• Prompt
Nothing but the text of the records should come back; copy it exactly and leave the pictures out.

Top of Data records

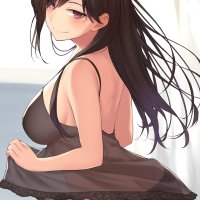ass looking at viewer smiling long hair brunette sideboob cccpo big boobs anime lingerie panties no bra blushing purple eyes artwork anime girls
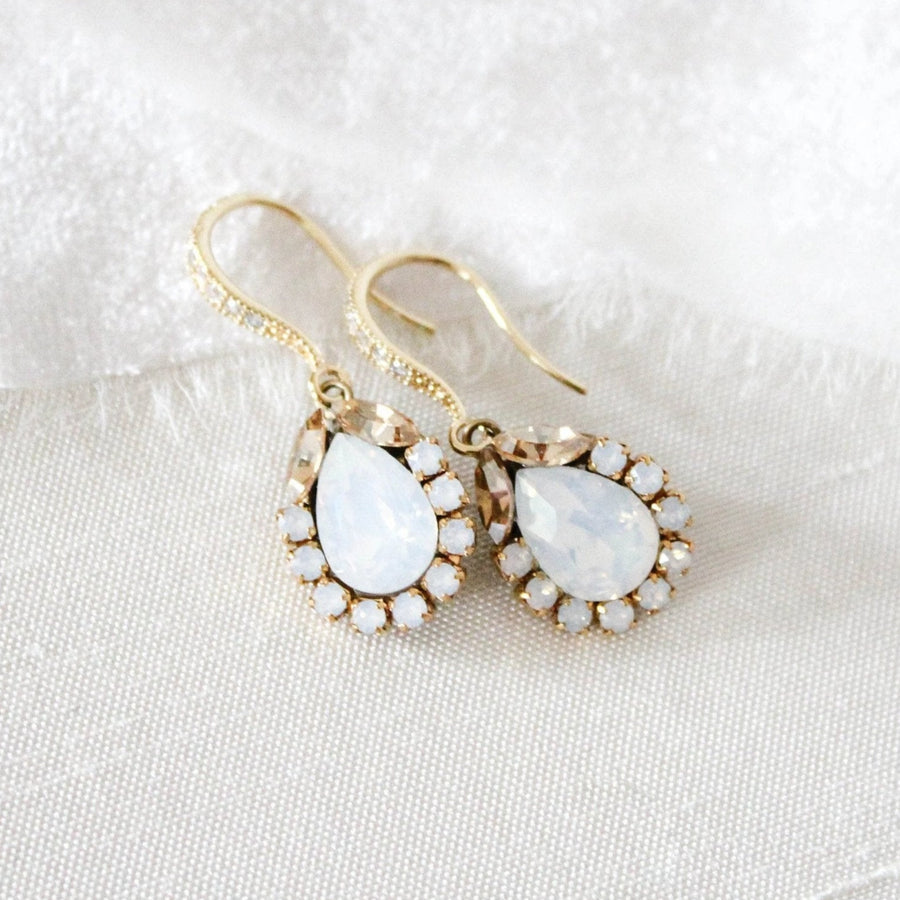 Delicate crystal drop bridal earrings - GIGI - Treasures by Agnes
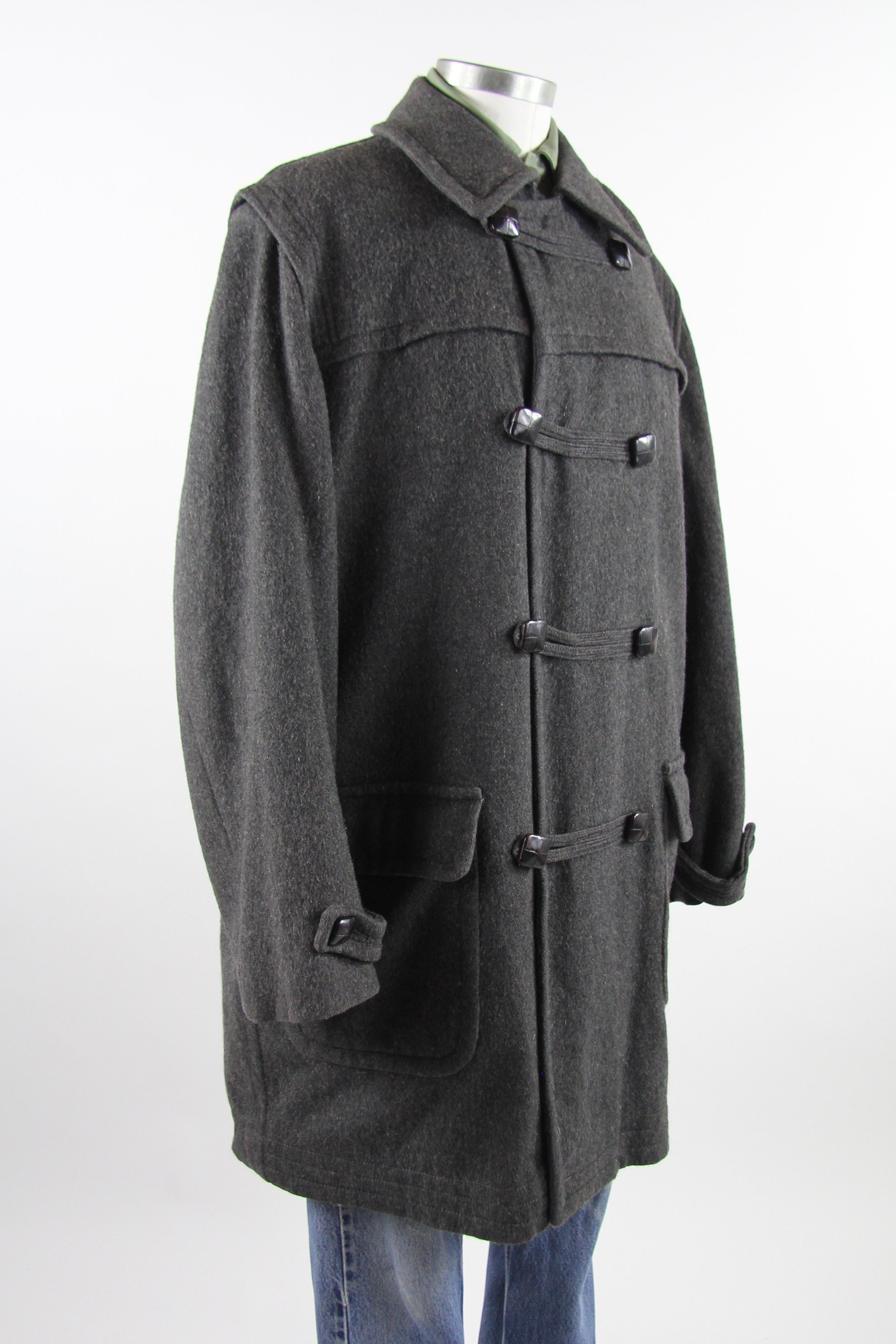Men's Grey Peacoat Wool Heavy Winter Coat by Loden Vintage Size Large ...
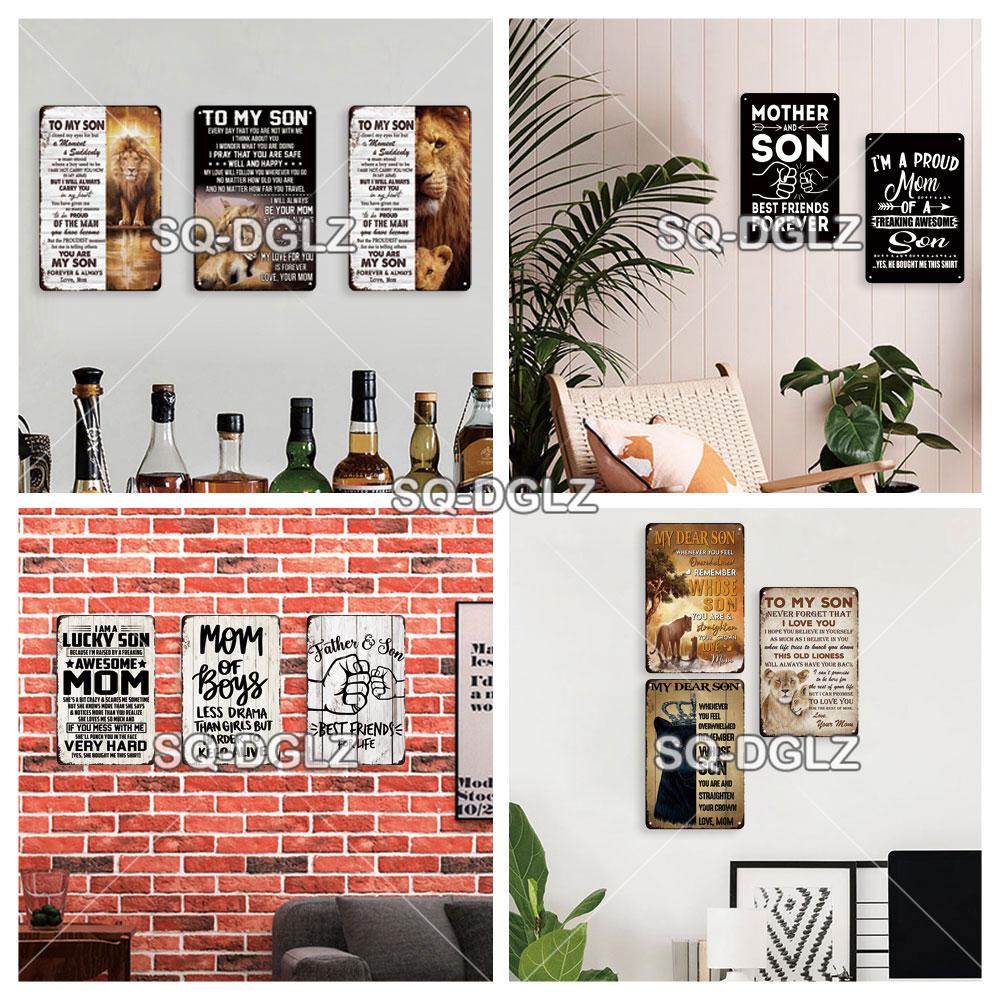 [SQ-DGLZ] To My Son Poster Love Metal Sign Vintage Plaque Tin Sign Plate Wall Room Decor For Bar Club Man Cave Art Painting Gift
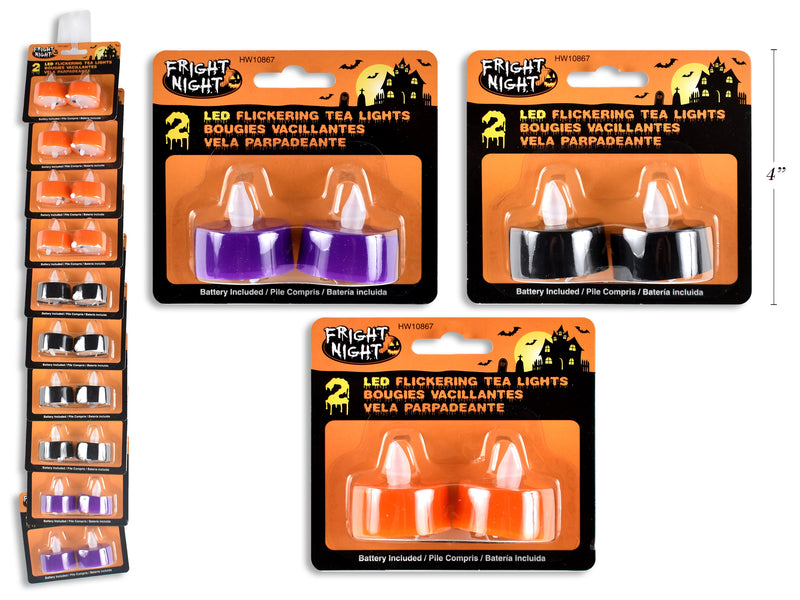 Carton of 24 Led Halloween Flickering T Lite 2 Pack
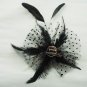 Bridal Feather Black silk flower Peacock pin clip BA141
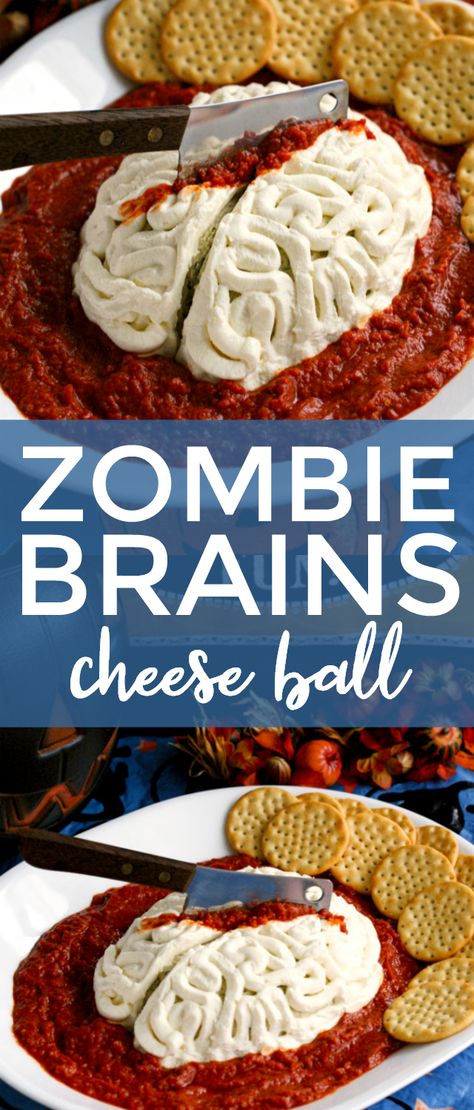 Brains Halloween Food, Halloween Appetizers Cheese Ball, Creepy Halloween Dishes, Brain Appetizer Halloween, Spooky Season Appetizers, Brain Mold Cheese Ball, Zombie Appetizers, Gross Halloween Party Food, Severed Hand Cheese Ball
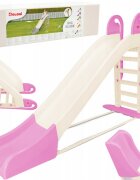 Doloni Tobogan pentru copii XXL WhitePink cu trepte si manere ergonomice de sustinere dimensiune 243.8 x 100 x 149.3 cm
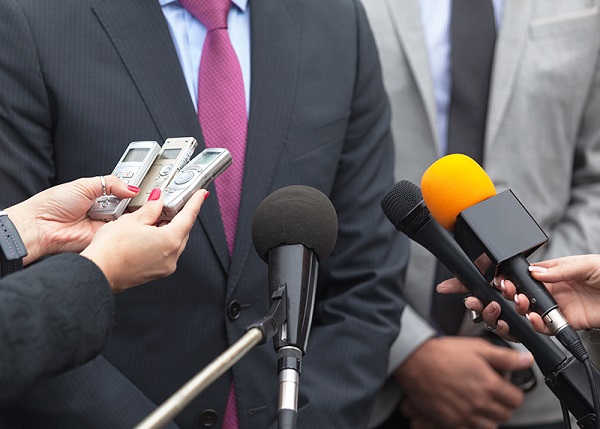  Voice recorder at a press conference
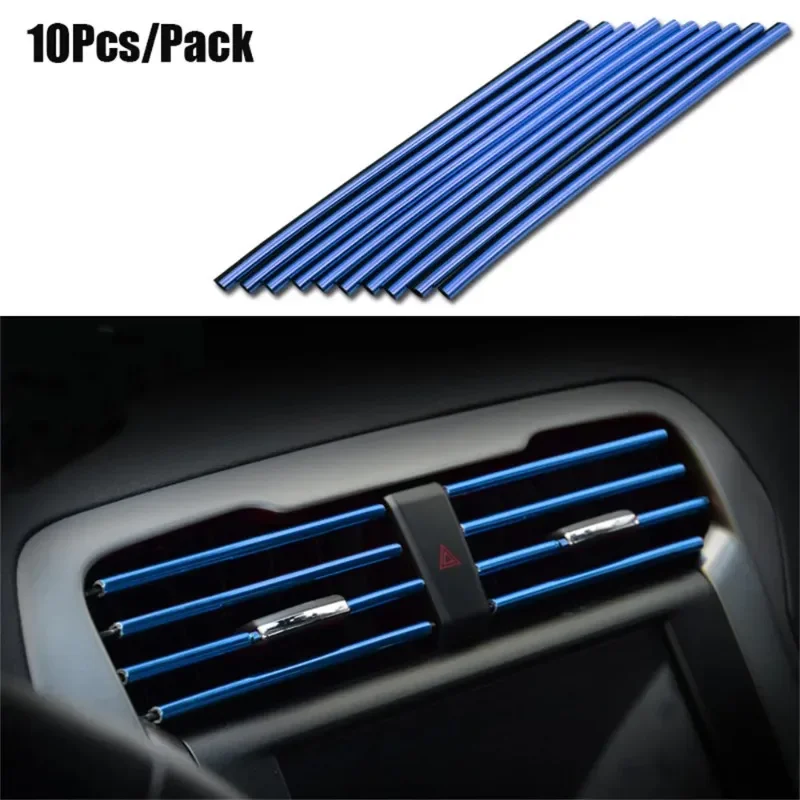 10PCS 20cm Universal Car Air Conditioner Outlet Decorative PVC Trim Decoration Strip Car Styling Accessories for All Models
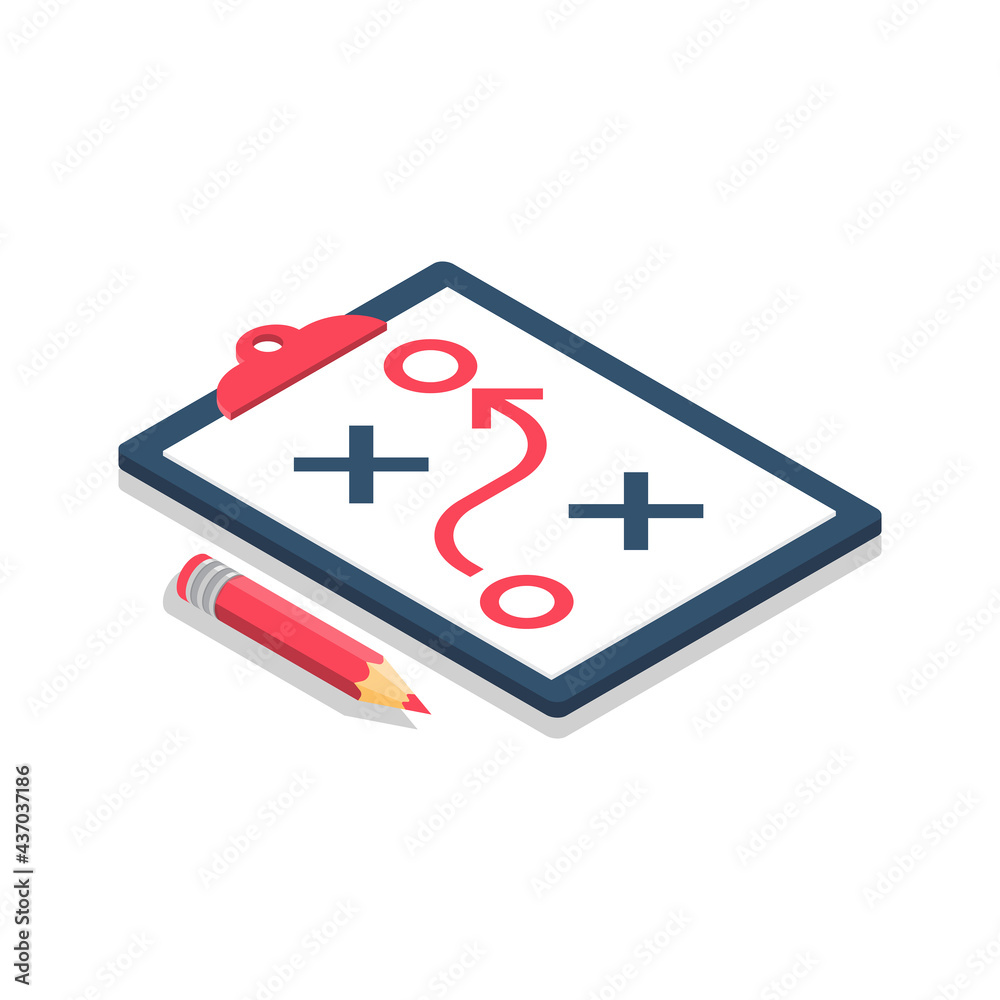 Planning strategy concept. Business tactic. Clipboard pencil. Vector illustration isometric design. Chart project analysis. Scheme of action on white sheet. Plan to achieve goal. Planning strategy concept. Business tactic. Clipboard pencil. Vector illustration isometric design. Chart project analysis. Scheme of action on white sheet. Plan to achieve goal.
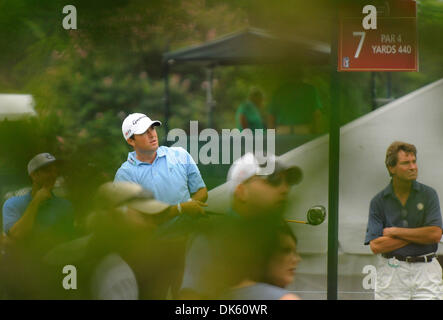19. Mai 2011 - Fort Worth, Texas, USA - 19.05.2011. RYAN PALMER Uhren seinen Abschlag auf das siebte Loch die erste Runde des Crowne Plaza Invitational im Colonial in Fort Worth, Texas. (Kredit-Bild: © Ralph Lauer/ZUMAPRESS.com) Stockfoto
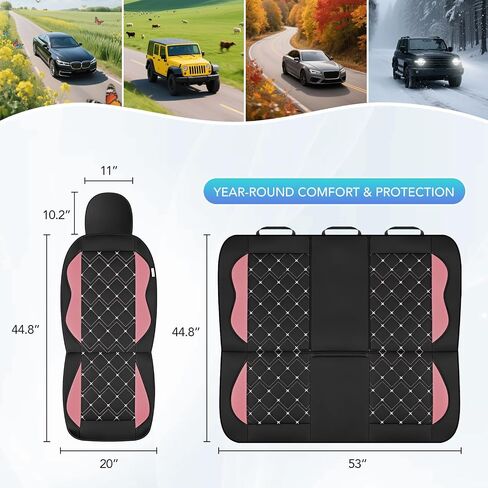 Road Comforts Seat Covers, Premium Leather Car Seat Covers Full Set for Women Girls,Airbag Compatible, Automotive Seat Covers Universal Fit Most Cars,Vans,Truck,SUV in Saudi Arabia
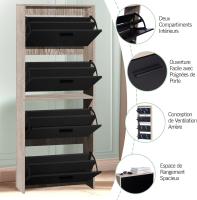 Mueble zapatero de 12 pares - Estantería de gran capacidad para vestíbulo o pasillo - (ancho) 60 x (profundidad) 24 x (alto) 80 cm - Madera clara blanca - details 28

Bottom of Data records

• Worked solution
ass looking at viewer smiling long hair brunette sideboob cccpo big boobs anime lingerie panties no bra blushing purple eyes artwork anime girls
 Delicate crystal drop bridal earrings - GIGI - Treasures by Agnes
Men's Grey Peacoat Wool Heavy Winter Coat by Loden Vintage Size Large ...
 [SQ-DGLZ] To My Son Poster Love Metal Sign Vintage Plaque Tin Sign Plate Wall Room Decor For Bar Club Man Cave Art Painting Gift
 Carton of 24 Led Halloween Flickering T Lite 2 Pack
 Bridal Feather Black silk flower Peacock pin clip BA141
 Brains Halloween Food, Halloween Appetizers Cheese Ball, Creepy Halloween Dishes, Brain Appetizer Halloween, Spooky Season Appetizers, Brain Mold Cheese Ball, Zombie Appetizers, Gross Halloween Party Food, Severed Hand Cheese Ball
 Doloni Tobogan pentru copii XXL WhitePink cu trepte si manere ergonomice de sustinere dimensiune 243.8 x 100 x 149.3 cm
  Voice recorder at a press conference
 10PCS 20cm Universal Car Air Conditioner Outlet Decorative PVC Trim Decoration Strip Car Styling Accessories for All Models
 Planning strategy concept. Business tactic. Clipboard pencil. Vector illustration isometric design. Chart project analysis. Scheme of action on white sheet. Plan to achieve goal. Planning strategy concept. Business tactic. Clipboard pencil. Vector illustration isometric design. Chart project analysis. Scheme of action on white sheet. Plan to achieve goal.
19. Mai 2011 - Fort Worth, Texas, USA - 19.05.2011. RYAN PALMER Uhren seinen Abschlag auf das siebte Loch die erste Runde des Crowne Plaza Invitational im Colonial in Fort Worth, Texas. (Kredit-Bild: © Ralph Lauer/ZUMAPRESS.com) Stockfoto
 Road Comforts Seat Covers, Premium Leather Car Seat Covers Full Set for Women Girls,Airbag Compatible, Automotive Seat Covers Universal Fit Most Cars,Vans,Truck,SUV in Saudi Arabia
 Mueble zapatero de 12 pares - Estantería de gran capacidad para vestíbulo o pasillo - (ancho) 60 x (profundidad) 24 x (alto) 80 cm - Madera clara blanca - details 28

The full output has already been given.